You can look at the Web as a starter: https://html.spec.whatwg.org/#history-2
> The WHATWG was based on several core principles, (..) and that specifications need to be detailed enough that implementations can achieve complete interoperability without reverse-engineering each other.
But in my experience you need more than a spec, because an implementation is not just something that implements a spec, it is also the result of making many architectural choices in how the spec is implemented.
Also even with detailed specs AI still needs additional guidance. For example couple of weeks ago Cursor unleashed thousands of agents with access to web standards and the shared WPT test suite: the result was total nonsense.
So the future might rather be like a Russian doll of specs: start with a high-level system description, and then support it with finer-grained specs of parts of the system.
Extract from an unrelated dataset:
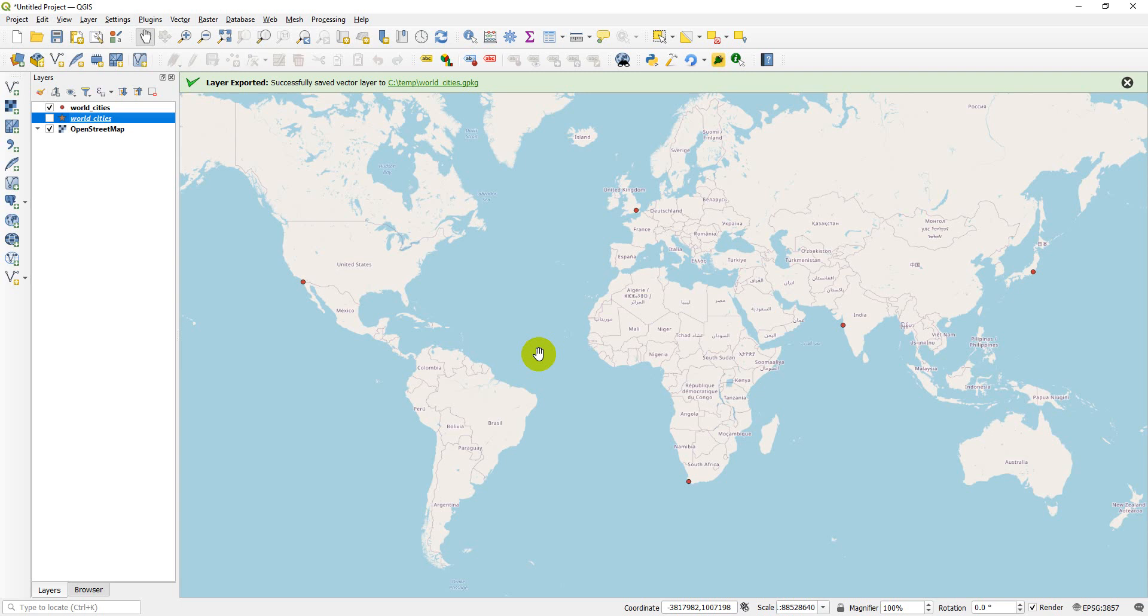And it's that simple. That's how you can import points from Excel into QGIS and display them on a map. I hope you found this tutorial useful. I have a full write-up for this on the website opensourceoptions.com. Your support's great, hope you have a great day.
This could go down all the way to the code itself: existing architectural patterns provide a spec for how to code a feature that is just a variation of such a pattern. Then whenever your system needs to do something new, you have to provide the code patterns for it. The AI is then relegated to its strength: applying existing patterns.
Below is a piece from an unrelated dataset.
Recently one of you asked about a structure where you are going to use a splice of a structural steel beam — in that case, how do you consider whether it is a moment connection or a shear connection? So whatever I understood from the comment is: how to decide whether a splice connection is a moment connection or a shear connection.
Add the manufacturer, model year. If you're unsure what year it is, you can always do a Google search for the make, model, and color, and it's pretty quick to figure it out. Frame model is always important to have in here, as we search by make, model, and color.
TLA+ has a concept of refinement, which is kind of what I described above as Russian dolls but only applied to TLA+ specs.
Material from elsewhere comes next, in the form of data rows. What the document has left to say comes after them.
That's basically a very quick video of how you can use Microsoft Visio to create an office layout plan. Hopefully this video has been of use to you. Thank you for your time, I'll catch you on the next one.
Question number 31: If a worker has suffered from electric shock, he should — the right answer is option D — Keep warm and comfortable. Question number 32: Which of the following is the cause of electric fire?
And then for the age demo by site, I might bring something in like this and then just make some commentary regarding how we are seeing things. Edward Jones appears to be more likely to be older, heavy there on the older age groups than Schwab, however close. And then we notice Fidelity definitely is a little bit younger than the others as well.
Here is a quote that describes the idea:
There is no fundamental distinction between specifications and implementations. We simply have specifications, some of which implement other specifications. A Java program can be viewed as a specification of a JVM (Java Virtual Machine) program, which can be viewed as a specification of an assembly language program, which can be viewed as a specification of an execution of the computer's machine instructions, which can be viewed as a specification of an execution of its register-transfer level design, and so on.